What is needed: Could you set down only the lines from the one including "Mind Strike (Intellivision)" to the end of the records below, inclusive and exact, leaving pictures out?

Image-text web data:
***
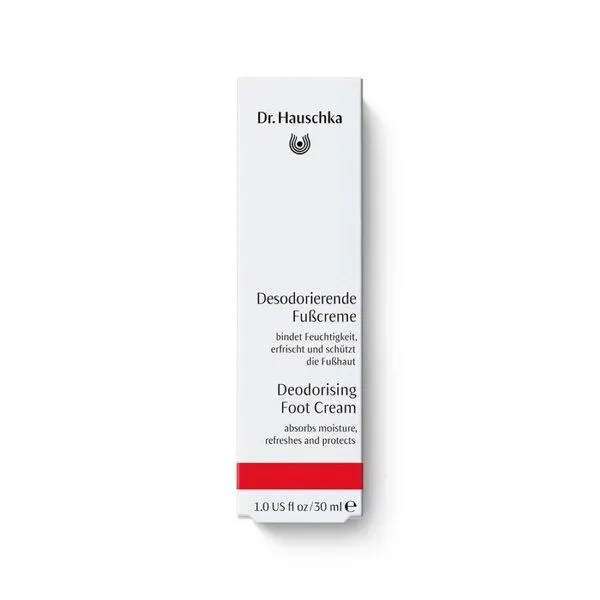 Dr. Hauschka Dr. Hauschka Desodorierende Fußcreme – Produktbild 1 von 1
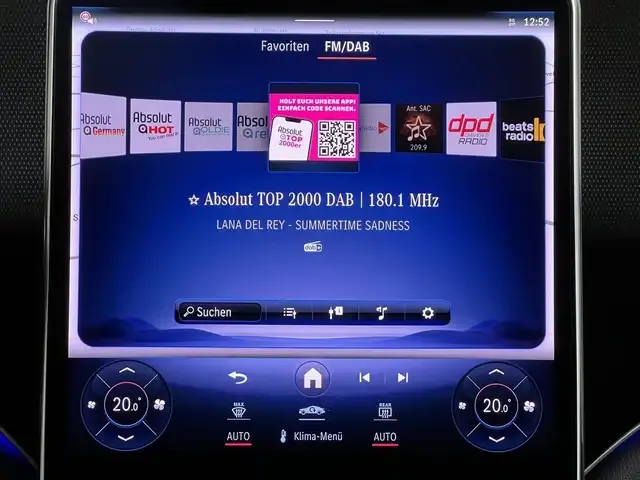 Mercedes-Benz EQE 300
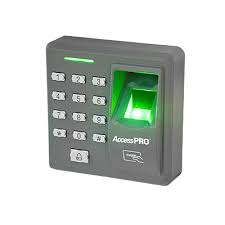 control de accesos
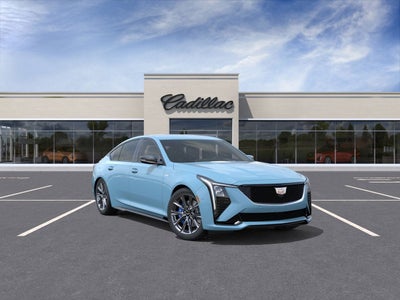2026 Cadillac CT5-V Base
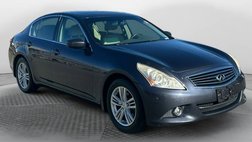 2011 Infiniti G37 Sedan x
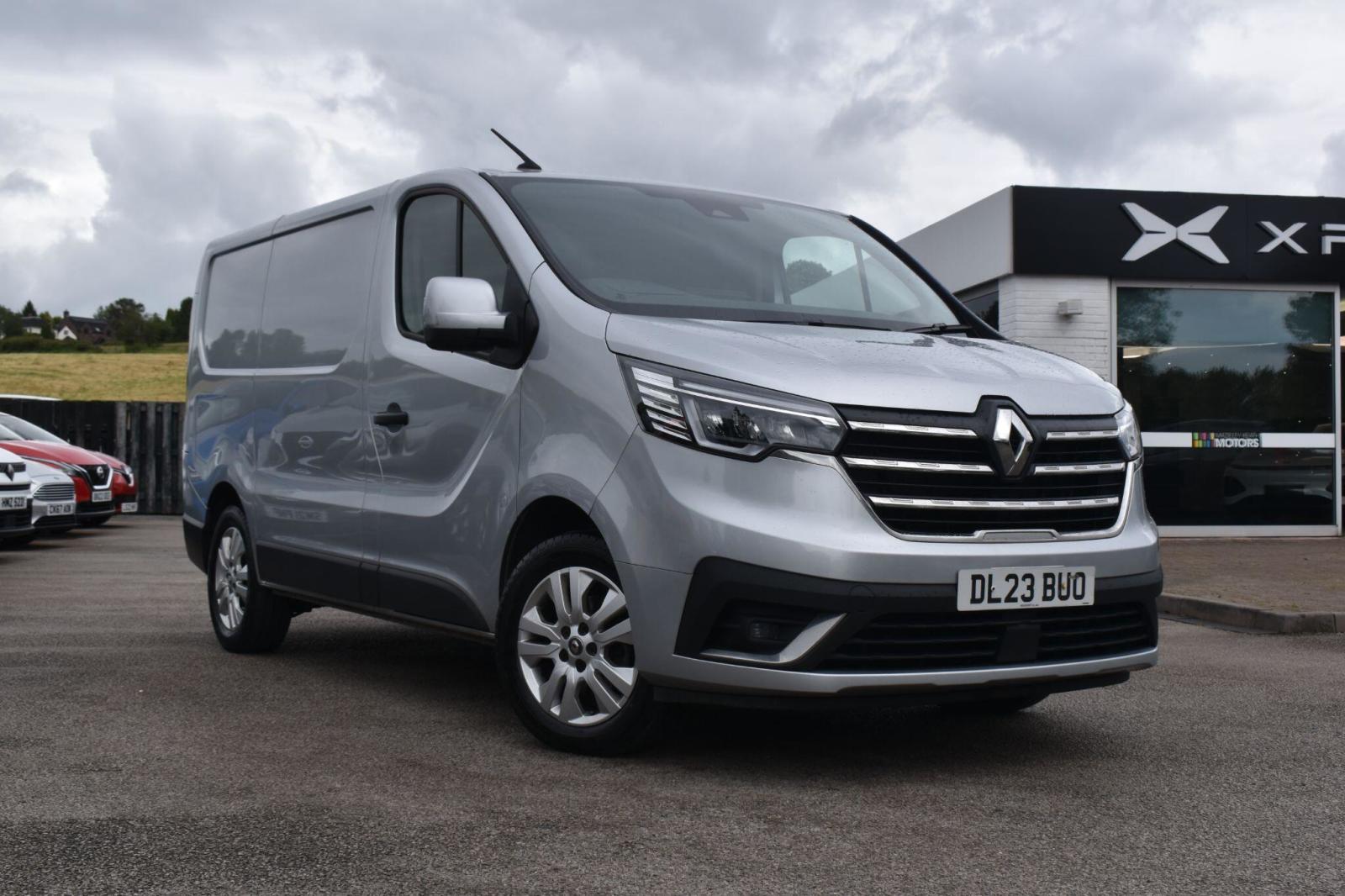 2023 Renault Trafic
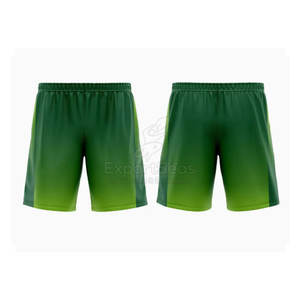 Diseña tus propios pantalones cortos de fútbol Superventas Venta caliente Pantalones cortos de fútbol Ropa deportiva Pantalones cortos de fútbol - Product Image 5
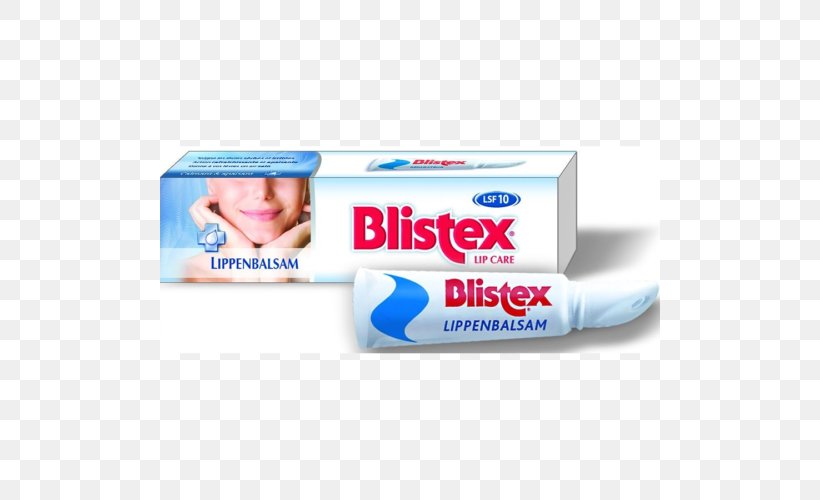 Blistex, Incorporated Product Brand, PNG, 500x500px, Blistex Incorporated, Brand, Cream, Skin Care Download Free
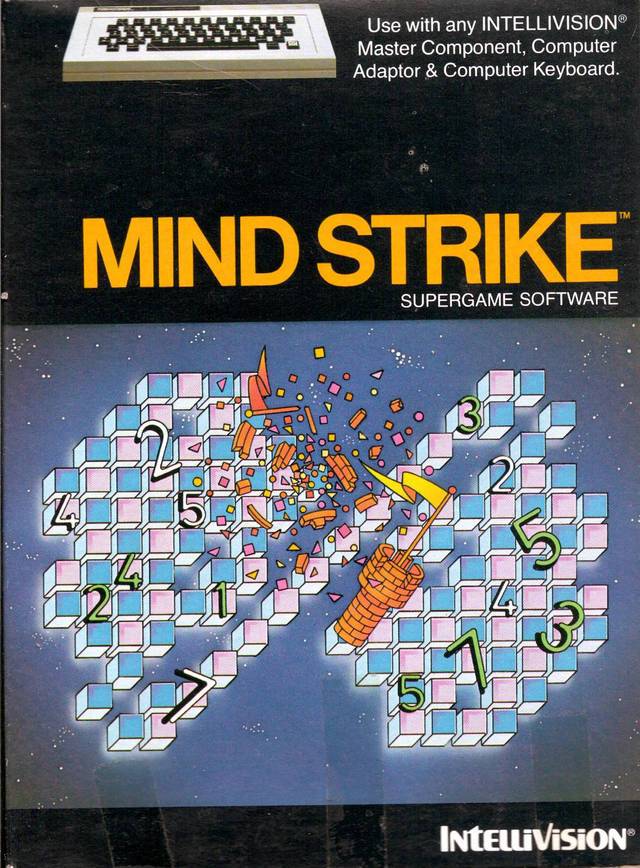 Mind Strike (Intellivision) (Online Order Only)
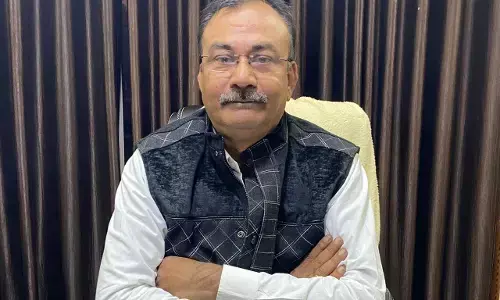 अतिरिक्त महाधिवक्ता विवेक रंजन तिवारी ने इस्तीफ़ा दिया : इस्तीफ़े में कारण विशेष का उल्लेख नहीं.. स्वतंत्र रुप से वकालत करेंगे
***
Response:
 Mind Strike (Intellivision) (Online Order Only)
 अतिरिक्त महाधिवक्ता विवेक रंजन तिवारी ने इस्तीफ़ा दिया : इस्तीफ़े में कारण विशेष का उल्लेख नहीं.. स्वतंत्र रुप से वकालत करेंगे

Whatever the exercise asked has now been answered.